Sen. Ted Cruz, R-Texas, has used the excitement surrounding the King vs. Burwell (Case 14-114) U.S. Supreme Court case as a chance to introduce his own health system change bill.
S. 647, the Health Care Choice Act bill, would repeal the Patient Protection and Affordable Care Act (PPACA).
The bill then would create a new “cooperative governing” system for individual health coverage. A health insurance issuer would designate one state as its “primary state,” and submit itself to regulation by the regulators in that state.
Regulators in other states, or “secondary states,” would then have to defer to the primary state in many situations.

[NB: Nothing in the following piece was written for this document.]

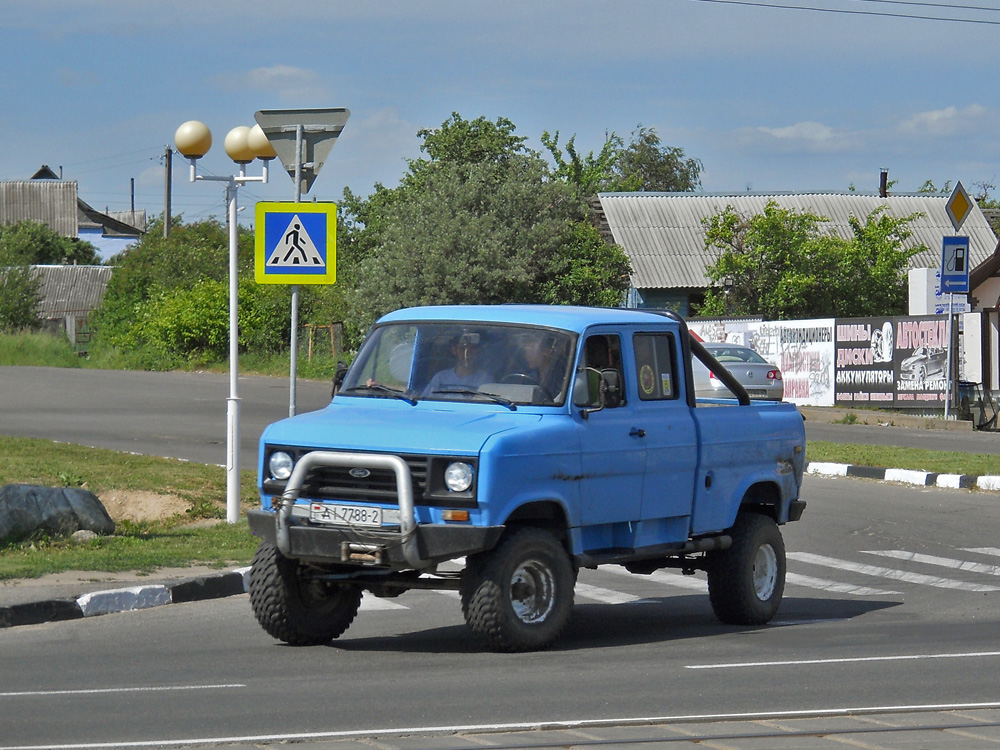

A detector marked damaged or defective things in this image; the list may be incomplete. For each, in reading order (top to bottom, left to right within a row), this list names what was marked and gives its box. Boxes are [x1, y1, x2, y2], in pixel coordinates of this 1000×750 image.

rusty metal roof [596, 191, 996, 290]
rusty metal roof [32, 264, 113, 318]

Critics of “association health plan” proposals,” or proposals that let insurers sell health insurance across state lines, have argued that most health insurers will end up basing themselves in a state that makes little effort to keep tabs on insurers. PPACA itself allows the sale of a Multi-State Plan (MSP) option, a kind of plan regulated mainly by the U.S. Office of Personnel Management, but HHS ended up developing regulations that, in practice, seem to require MSPs to comply with many state regulations.

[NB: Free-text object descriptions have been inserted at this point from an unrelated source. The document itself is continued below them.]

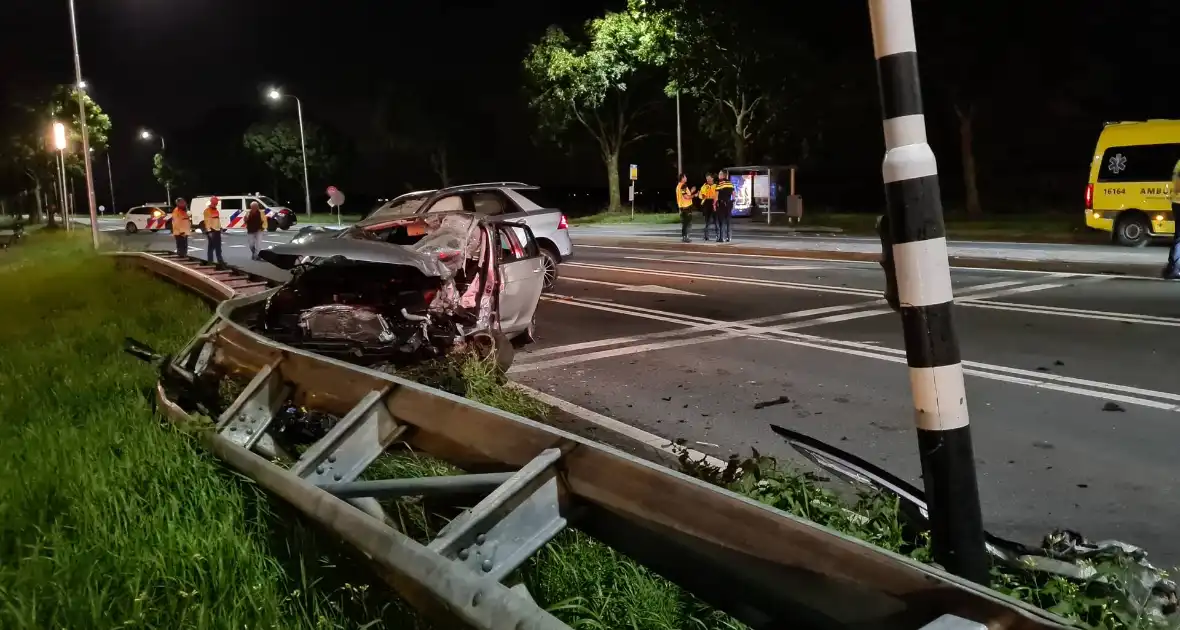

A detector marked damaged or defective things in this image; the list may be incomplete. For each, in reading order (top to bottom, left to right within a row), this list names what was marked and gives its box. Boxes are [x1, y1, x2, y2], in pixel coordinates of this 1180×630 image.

crumpled car hood [260, 238, 448, 278]
wrecked silver car [256, 212, 545, 370]
damaged guardrail [110, 253, 1071, 630]
bent guardrail post [117, 253, 1071, 630]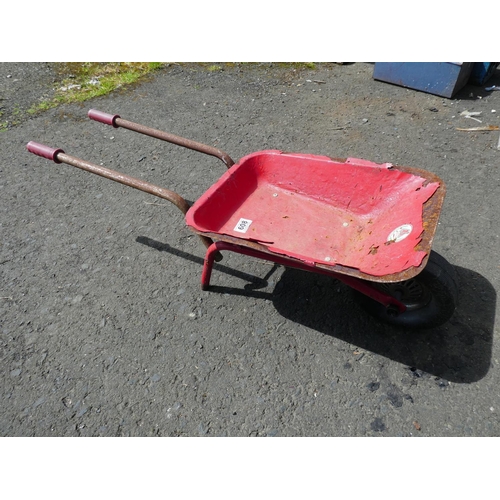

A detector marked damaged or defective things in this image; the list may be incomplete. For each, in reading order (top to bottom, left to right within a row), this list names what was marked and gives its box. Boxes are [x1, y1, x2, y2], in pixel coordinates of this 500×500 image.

rusty metal handle [88, 108, 236, 169]
rusty metal handle [26, 141, 222, 260]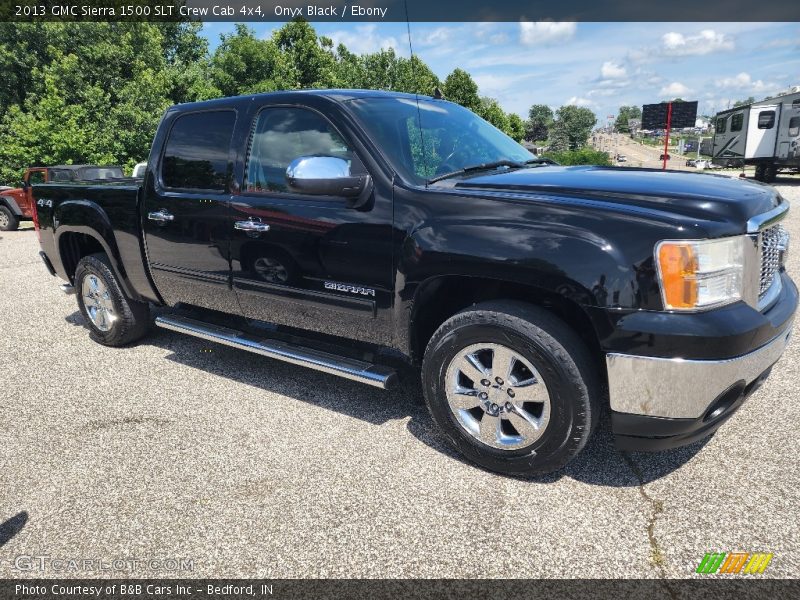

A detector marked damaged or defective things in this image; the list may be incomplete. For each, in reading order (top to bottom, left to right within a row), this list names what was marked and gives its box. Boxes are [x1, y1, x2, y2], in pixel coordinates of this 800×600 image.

pavement crack [620, 454, 676, 596]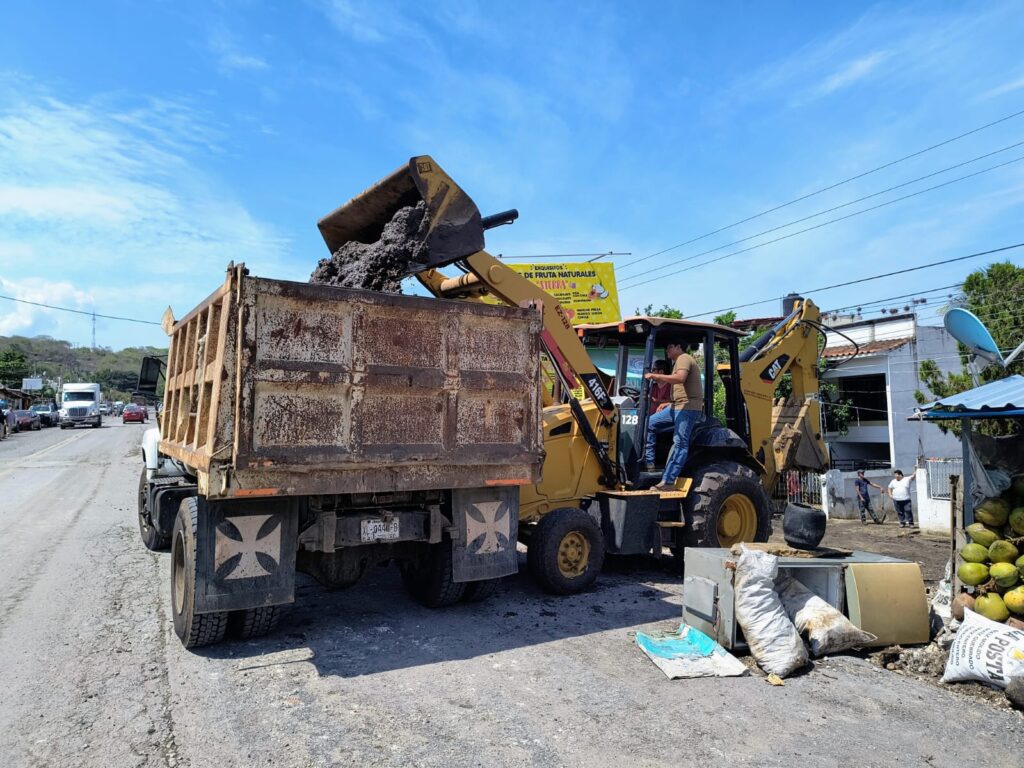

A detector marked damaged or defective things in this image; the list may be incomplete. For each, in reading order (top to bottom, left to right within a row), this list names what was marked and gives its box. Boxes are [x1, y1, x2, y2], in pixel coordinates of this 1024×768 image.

rusty dump truck [142, 264, 552, 648]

Cruz has tried to deal with that concern by including mechanisms to keep the primary state from shirking regulatory responsibilities.
For a more detailed look at some of the bill’s provisions, read on.
1. The bill uses a broad definition of the term “state.”
Some parts of PPACA include only the 50 states and the District of Columbia in the definition of “state.”
S. 647 would use “state” to apply to the 50 states, the District of Columbia, and Puerto Rico, the Virgin Islands, Guam, American Samoa and the Northern Mariana Islands.